* Instructions to follow *
The copy must hold every line from the one with "Women's Necklace Silver" through the end of the listing, word for word, and must hold no pictures.

[[ Given material, beginning ]]

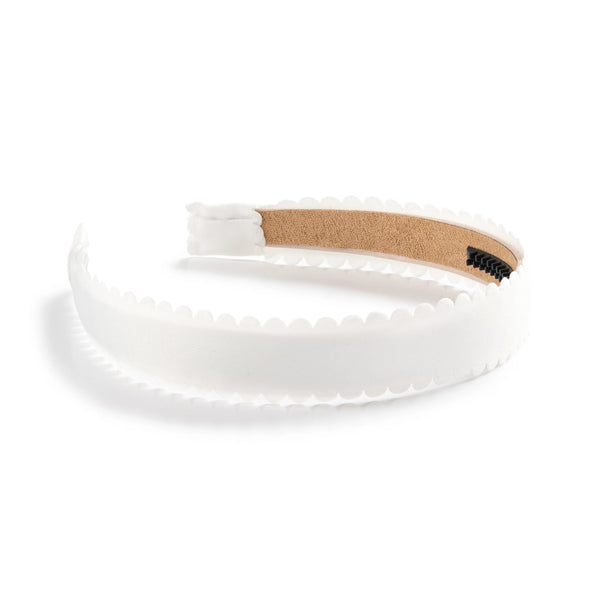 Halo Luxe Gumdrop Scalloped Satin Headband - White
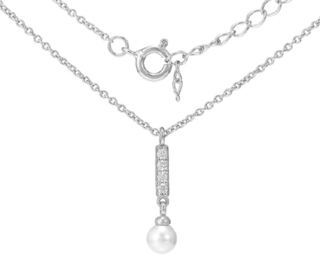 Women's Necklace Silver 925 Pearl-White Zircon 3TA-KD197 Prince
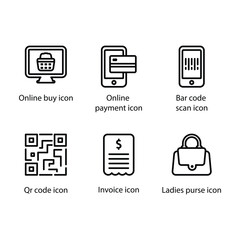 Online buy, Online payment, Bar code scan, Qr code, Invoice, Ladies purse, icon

[[ Given material, end ]]

* Completed task *
 Women's Necklace Silver 925 Pearl-White Zircon 3TA-KD197 Prince
 Online buy, Online payment, Bar code scan, Qr code, Invoice, Ladies purse, icon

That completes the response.